我們依舊像從前那樣,太平地開向新奧爾良——不,並不是特別太平。因為在下水的時候我同布朗先生吵起來了,結果,他要求我在新奧爾良上岸。反正我在新奧爾良總能找到活兒乾。非常幸運地,我找到了看守貨棧的活兒,時間是晚上七點到第二天早上七點,每次可以拿到三塊錢。這個活兒總是一連看三個晚上,每三十五天算一次。晚上九點下班後,亨利總是跟我一起看守。我們向來都是一起轉悠瞎聊,直到半夜時分。這一次,我們要分開了,所以開船的前一天晚上,我對他進行了一些勸告。我說:“如果船出了什麼事,不要驚慌——就讓乘客們犯蠢吧——他們會有辦法的——他們會留意的。不過你要衝到最上層甲板上面去,抓住位於左舷舵手室後的那唯一一條救生船,等候大副下達命令——這樣,你就能夠派上點用處。船被放下水後,盡量協助那些收容婦女和小孩上船,至於你自己則要注意沒有必要混在裡邊。目前是夏天,按照慣例,河面只有一英里寬,你可以毫不費勁就游上岸了。”過了兩三天的一個清早,當船到了孟菲斯下面的船島時,鍋爐發生了爆炸——後來發生的事情,在我的《密西西比河上的生活》裡都有記錄。像我在那本書上寫的那樣,一天后,我乘坐在另一條船上跟在“賓夕法尼亞”號後面。每當靠一次岸,我們都要對有關那次不幸事件的消息進行打聽,所以當我們到達孟菲斯的時候,就已經掌握了全部情況。
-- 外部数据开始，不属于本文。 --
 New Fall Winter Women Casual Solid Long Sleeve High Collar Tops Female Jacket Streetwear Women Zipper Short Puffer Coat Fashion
在一座大樓裡,我見到了亨利,他正躺在鋪在地板上的草墊子上。和他在一起的,還有三四十個被燙傷的人。一個沒有頭腦的人立刻告訴我說,亨利的肺裡面有大量蒸汽,身上也被燙得很厲害,活不了太久了。人家還對我說,醫生、護士正在全力搶救那些還有一線希望的人。因為醫生和護士人手緊缺。所以對亨利和其他那些受了致命傷的人,只能在全力搶救那些需要急救的傷號的同時盡可能地捎帶醫治。但是,當地一位名叫佩頓的有名望且又心地慈悲的老醫生對我表示了同情,他開始對亨利進行很得力的醫治,一周左右便把亨利搶救了過來。他從沒開過什麼到後來無法兌現的空頭支票,但是有一天到了晚上十一點鐘,他告訴我說,亨利已經度過了危險期,會逐漸好起來的。接著他又說:“這里四處都躺著的這種可憐蟲,他們半夜裡會呻吟、喊叫,如果這種亂糟糟的吵鬧聲影響到亨利的話,對他是很不好的。因此可以讓值班醫生給他服八分之一厘的嗎啡,不過必須是在有跡象顯示亨利的確受到了吵鬧後才能服用。”
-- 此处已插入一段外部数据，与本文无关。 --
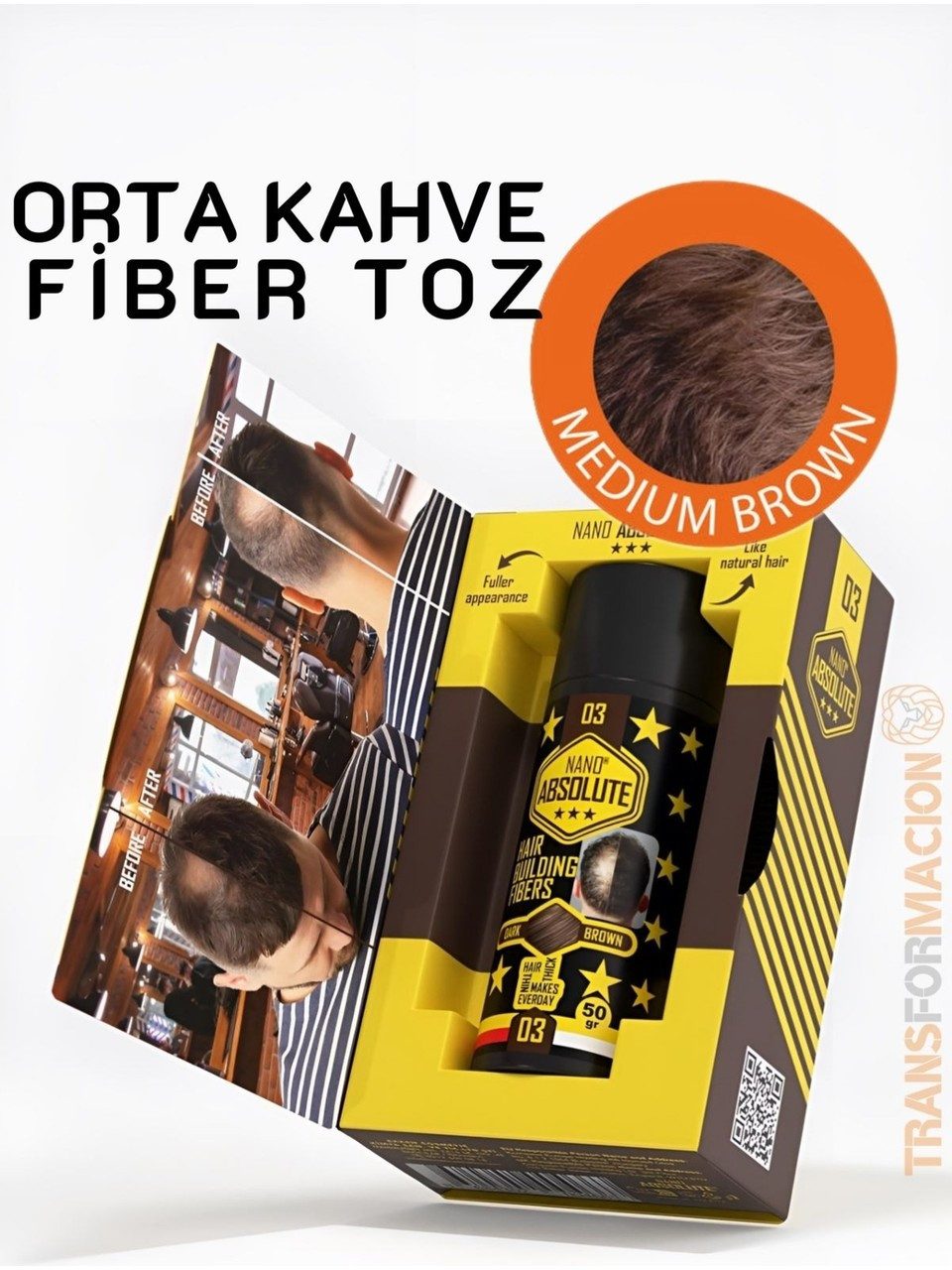 Nano Absolute Haarpuder Hair Building Fibers Haarpuder Topik 50g Medium Brown / Mittelbraun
唉,後來的事就不用提了。值班醫生是年輕人,還沒有從醫學院畢業,他們搞出了錯誤——他們弄不清楚多少才是八分之一厘,就憑著自己的想像乾了起來,用刀刃一頭堆著一大塊讓他服了下去,結果立刻便產生了致命的效果,我想他應該是清早的時候死的,這我記不太清了。他被送往了太平間,我離開了一會兒,去一家人家那裡睡了一下,以便解除自己極度的困乏——恰好是在這個時候出了一些事。本來為死者準備的棺材都是沒有上漆的白松木棺材,但這一次,孟菲斯的一些太太們湊了六十塊錢,買回了一具金屬棺材。等我回來,走進太平間時,亨利已經躺在敞著口的棺材裡了,他身上穿著一套我的衣服。我馬上註意到,這裡正一絲不差地再現著幾個星期之前我做的那場夢——我想,只有一個細節我沒有能夠看到。不過馬上這個細節就得到了彌補,因為這個時候,一位老太太帶著一大束花走了進來,那束花中大多是白玫瑰,而中間是一朵紅玫瑰。她將這束鮮花放到了他的胸口上。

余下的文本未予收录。